↓↓↓

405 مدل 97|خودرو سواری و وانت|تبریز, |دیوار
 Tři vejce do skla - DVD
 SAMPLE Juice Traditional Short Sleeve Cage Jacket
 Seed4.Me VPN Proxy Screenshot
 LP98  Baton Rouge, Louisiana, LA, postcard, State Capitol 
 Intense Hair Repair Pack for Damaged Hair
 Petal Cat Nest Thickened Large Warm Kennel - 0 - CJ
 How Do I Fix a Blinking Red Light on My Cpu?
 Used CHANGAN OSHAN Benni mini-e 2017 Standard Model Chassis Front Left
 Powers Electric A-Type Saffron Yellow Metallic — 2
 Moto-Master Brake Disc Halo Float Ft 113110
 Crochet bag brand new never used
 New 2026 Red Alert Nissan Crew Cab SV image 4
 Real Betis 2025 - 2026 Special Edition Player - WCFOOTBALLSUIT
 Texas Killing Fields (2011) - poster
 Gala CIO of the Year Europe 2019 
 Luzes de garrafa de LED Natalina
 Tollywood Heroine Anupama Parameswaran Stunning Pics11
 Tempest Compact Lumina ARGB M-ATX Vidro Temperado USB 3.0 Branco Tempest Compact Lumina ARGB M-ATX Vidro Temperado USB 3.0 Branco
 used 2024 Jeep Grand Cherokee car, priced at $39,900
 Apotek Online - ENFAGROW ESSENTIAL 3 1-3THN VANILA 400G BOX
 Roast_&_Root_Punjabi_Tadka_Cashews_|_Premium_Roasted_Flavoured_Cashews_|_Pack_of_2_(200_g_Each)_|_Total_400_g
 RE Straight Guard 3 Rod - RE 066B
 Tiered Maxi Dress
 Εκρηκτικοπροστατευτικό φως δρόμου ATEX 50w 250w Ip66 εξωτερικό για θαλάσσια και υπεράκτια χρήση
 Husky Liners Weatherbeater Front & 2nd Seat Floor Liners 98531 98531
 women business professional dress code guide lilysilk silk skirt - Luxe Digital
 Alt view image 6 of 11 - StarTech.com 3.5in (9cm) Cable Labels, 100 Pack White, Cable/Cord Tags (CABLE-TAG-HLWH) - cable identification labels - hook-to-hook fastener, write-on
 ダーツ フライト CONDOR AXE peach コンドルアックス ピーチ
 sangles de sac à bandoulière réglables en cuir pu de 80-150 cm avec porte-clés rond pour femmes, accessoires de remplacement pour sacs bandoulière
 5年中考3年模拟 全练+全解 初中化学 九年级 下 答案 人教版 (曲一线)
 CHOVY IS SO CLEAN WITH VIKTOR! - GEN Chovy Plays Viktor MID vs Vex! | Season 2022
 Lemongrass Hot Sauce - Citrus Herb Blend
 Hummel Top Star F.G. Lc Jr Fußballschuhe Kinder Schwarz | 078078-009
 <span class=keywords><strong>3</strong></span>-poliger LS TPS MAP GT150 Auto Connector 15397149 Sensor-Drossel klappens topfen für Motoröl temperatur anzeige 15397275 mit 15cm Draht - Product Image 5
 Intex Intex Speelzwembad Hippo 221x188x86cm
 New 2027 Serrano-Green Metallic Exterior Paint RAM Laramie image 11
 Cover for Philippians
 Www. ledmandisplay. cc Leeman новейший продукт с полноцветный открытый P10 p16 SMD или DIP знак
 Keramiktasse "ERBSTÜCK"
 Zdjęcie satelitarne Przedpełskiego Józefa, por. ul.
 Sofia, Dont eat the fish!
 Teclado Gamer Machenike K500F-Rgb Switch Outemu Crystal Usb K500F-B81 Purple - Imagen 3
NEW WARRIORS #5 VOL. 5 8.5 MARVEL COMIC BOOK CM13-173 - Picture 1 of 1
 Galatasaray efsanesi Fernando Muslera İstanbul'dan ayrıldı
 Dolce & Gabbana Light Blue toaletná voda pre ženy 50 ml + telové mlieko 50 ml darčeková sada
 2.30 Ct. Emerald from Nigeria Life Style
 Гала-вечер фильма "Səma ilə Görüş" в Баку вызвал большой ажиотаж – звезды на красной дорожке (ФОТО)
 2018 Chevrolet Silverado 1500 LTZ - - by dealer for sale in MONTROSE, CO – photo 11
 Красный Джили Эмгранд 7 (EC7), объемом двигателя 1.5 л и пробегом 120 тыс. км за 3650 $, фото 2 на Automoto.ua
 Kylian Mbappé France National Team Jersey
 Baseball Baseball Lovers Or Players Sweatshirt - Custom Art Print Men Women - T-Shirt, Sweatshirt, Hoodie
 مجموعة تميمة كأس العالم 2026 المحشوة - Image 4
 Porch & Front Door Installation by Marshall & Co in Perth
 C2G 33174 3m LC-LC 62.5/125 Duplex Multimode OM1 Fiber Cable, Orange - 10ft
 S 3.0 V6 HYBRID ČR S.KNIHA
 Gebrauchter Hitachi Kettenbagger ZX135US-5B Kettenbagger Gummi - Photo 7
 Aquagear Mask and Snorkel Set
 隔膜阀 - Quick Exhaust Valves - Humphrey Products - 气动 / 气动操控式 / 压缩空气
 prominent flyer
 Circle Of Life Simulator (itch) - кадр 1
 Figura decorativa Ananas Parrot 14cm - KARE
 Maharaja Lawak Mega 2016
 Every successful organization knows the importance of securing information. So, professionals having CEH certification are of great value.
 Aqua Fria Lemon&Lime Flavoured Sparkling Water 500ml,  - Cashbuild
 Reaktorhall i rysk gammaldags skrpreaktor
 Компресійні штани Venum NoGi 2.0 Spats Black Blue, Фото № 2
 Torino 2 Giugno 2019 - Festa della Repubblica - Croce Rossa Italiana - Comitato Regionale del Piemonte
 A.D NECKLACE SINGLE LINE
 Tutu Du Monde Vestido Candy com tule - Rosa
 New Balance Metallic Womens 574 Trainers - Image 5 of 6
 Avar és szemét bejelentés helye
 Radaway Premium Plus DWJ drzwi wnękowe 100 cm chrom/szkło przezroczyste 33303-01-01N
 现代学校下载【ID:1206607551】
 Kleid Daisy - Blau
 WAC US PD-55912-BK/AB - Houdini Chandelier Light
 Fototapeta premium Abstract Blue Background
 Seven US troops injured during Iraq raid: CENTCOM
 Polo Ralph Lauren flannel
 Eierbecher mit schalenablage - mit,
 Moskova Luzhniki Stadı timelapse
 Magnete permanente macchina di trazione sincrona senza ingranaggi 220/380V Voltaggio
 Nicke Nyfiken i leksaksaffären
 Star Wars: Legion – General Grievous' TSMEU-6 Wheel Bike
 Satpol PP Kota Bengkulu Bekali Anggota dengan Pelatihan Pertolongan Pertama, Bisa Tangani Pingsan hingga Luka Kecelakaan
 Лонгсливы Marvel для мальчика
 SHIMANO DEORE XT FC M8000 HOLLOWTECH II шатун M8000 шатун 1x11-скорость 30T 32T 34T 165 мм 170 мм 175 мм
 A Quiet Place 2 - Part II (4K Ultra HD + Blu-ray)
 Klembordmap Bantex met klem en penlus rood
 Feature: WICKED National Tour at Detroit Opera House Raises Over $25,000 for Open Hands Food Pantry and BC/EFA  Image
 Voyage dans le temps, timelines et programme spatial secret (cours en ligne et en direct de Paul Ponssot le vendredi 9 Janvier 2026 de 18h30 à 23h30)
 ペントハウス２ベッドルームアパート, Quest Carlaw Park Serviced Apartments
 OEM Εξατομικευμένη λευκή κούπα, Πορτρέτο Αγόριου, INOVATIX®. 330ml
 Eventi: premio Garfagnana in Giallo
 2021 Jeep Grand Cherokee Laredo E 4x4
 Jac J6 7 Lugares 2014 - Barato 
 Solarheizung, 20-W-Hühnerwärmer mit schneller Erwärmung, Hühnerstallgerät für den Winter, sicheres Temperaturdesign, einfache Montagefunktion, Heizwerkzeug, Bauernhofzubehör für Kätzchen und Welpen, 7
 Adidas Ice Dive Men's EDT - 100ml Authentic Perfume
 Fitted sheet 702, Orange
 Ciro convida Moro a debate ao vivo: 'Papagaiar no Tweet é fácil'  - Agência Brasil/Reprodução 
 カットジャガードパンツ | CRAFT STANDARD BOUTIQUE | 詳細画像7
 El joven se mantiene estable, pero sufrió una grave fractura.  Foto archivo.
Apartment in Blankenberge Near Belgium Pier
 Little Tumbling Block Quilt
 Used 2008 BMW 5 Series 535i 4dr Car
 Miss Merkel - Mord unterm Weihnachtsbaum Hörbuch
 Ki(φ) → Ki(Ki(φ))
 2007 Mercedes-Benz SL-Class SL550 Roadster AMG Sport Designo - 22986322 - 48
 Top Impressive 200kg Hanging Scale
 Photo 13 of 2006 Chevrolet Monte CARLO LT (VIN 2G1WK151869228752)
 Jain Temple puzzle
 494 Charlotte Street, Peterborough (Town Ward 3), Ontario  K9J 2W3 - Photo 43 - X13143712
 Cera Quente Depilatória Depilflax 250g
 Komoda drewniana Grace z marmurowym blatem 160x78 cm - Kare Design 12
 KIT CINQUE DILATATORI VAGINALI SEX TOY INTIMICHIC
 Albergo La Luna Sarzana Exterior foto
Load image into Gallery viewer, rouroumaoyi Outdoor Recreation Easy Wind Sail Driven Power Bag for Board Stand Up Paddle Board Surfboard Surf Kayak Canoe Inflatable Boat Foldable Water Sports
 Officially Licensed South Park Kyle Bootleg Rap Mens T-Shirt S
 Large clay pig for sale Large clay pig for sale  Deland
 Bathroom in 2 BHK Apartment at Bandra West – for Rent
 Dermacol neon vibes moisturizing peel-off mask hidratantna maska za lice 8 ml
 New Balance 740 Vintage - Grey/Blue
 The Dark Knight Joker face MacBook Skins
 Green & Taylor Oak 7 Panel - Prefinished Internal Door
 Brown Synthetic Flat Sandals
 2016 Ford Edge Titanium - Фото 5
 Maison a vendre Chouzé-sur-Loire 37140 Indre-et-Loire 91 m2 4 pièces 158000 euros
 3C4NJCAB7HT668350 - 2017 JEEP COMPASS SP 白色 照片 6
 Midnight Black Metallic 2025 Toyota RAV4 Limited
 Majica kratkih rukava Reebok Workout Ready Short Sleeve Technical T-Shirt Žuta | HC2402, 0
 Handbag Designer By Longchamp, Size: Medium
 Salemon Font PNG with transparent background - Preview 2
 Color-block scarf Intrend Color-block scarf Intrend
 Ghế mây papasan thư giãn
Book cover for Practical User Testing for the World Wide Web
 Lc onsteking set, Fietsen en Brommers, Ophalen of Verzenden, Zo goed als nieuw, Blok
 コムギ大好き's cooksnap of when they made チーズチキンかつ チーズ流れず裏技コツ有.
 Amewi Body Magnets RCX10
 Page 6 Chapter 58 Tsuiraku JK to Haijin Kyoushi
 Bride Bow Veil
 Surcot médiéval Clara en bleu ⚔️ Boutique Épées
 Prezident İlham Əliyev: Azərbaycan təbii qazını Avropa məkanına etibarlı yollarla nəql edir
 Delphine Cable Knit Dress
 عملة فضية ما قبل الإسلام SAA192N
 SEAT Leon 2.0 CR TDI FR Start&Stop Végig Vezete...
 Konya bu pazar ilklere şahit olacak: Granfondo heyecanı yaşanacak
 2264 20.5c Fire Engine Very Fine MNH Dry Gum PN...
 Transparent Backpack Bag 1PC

↑↑↑

What to work on
In the listing above, find the line containing "Bathroom in 2" and the line containing "Maison a vendre", then quote both, plus every line between them, exactly as written.

Final answer
 Bathroom in 2 BHK Apartment at Bandra West – for Rent
 Dermacol neon vibes moisturizing peel-off mask hidratantna maska za lice 8 ml
 New Balance 740 Vintage - Grey/Blue
 The Dark Knight Joker face MacBook Skins
 Green & Taylor Oak 7 Panel - Prefinished Internal Door
 Brown Synthetic Flat Sandals
 2016 Ford Edge Titanium - Фото 5
 Maison a vendre Chouzé-sur-Loire 37140 Indre-et-Loire 91 m2 4 pièces 158000 euros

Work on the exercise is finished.